La indefensión aprendida es un caldo de cultivo para la depresión. Y en un contexto de crisis prolongada, no es una falla individual, es una respuesta colectiva razonable.
¿Qué podemos hacer para proteger nuestra salud mental?
No voy a ofrecer soluciones mágicas. No puedo cambiar los apagones ni hacer aparecer medicamentos, pero sí puedo sugerir pequeñas acciones que te ayuden.
- a) Mantener rutinas, aunque sean mínimas. Cuando todo es caos, la rutina es un ancla. Aunque haya apagones, intenta mantener horarios para comer, bañarte (con la poca agua que tengas), descansa y conversa en familia. La predictibilidad reduce la ansiedad.
- b) Nombrar las emociones sin culpa. No te castigues por sentirte mal. Di: «Hoy estoy frustrado porque no hay luz» o «Estoy asustado por no tener medicinas». Nombrar la emoción evita que se expanda a todo tu ser. Compartir tu malestar con alguien de confianza también alivia.
- c) Desconectar del bombardeo de malas noticias. Está bien informarse, pero no todo el día. Dedica la mayor parte del tiempo a hacer otras cosas: leer, escuchar música, jugar con un niño, conversar con un amigo y otras tantas iniciativas que se te ocurran.
- d) Construir redes de apoyo mutuo. La solidaridad vecinal y familiar es uno de los factores más protectores. Compartir un poco de agua, prestar un cargador, ayudarse con la cola del pan, o simplemente escuchar al otro sin juzgar: todo eso es capital social y fortalece la salud mental de todos.
- e) Microacciones de autocuidado. No necesitas una hora de gimnasio o un spa. Respira profundo tres minutos cada mañana, estírate antes de dormir, dedica tiempo a la relajación.
- f) Pide ayuda profesional cuando los síntomas persistan. Si el malestar te impide levantarte de la cama, si no puedes dormir durante semanas, si has pensado en quitarte la vida, acude al médico de familia o a un servicio de psiquiatría.
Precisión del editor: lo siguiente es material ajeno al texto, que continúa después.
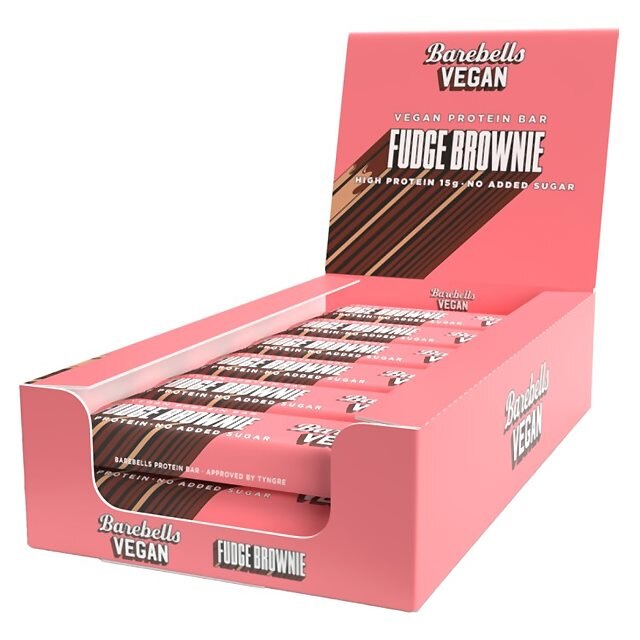 Barebells Vegan Protein Bar Fudge Brownie 12x55g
Aunque falten recursos hay profesionales dispuestos a escuchar y acompañar.
La resiliencia tiene un límite y no debemos confundir sobrevivir con vivir
Se habla mucho de resiliencia como la capacidad de sobreponerse. El pueblo cubano ha demostrado una resiliencia asombrosa durante décadas. Pero la resiliencia no es infinita. Cuando la crisis se prolonga y las soluciones no llegan, la cuerda se estira y puede romperse.
No debemos confundir sobrevivir con vivir. Sobrevivir significa resistir, aguantar, salir del día. Vivir implica poder proyectarse, disfrutar, descansar, sentir esperanza. La salud mental no es solo no estar enfermo: es tener bienestar. Y el bienestar necesita condiciones materiales, no solo fortaleza interna.
Por eso, como psiquiatra, me siento en la obligación de decirte: Tu tristeza, tu ira, tu insomnio, tu desesperanza, no son fracasos personales, son reacciones humanas ante un entorno inhumano.
Finalmente, quiero recordarte algo fundamental: tú importas, tu salud mental importa. Y aunque el contexto sea adverso podemos tejer pequeñas redes de humanidad que nos sostengan. Cuida al vecino, aunque sea con una palabra amable. Escucha a tus hijos, aunque no tengas respuestas para sus preguntas. Conversa más con tu pareja para resolver las tensiones que se pueden presentar.
Y recuerda lo que escribió el poeta: «Aún en la noche más oscura, hay quien puede ver la luna». No es ingenuidad, es resistencia.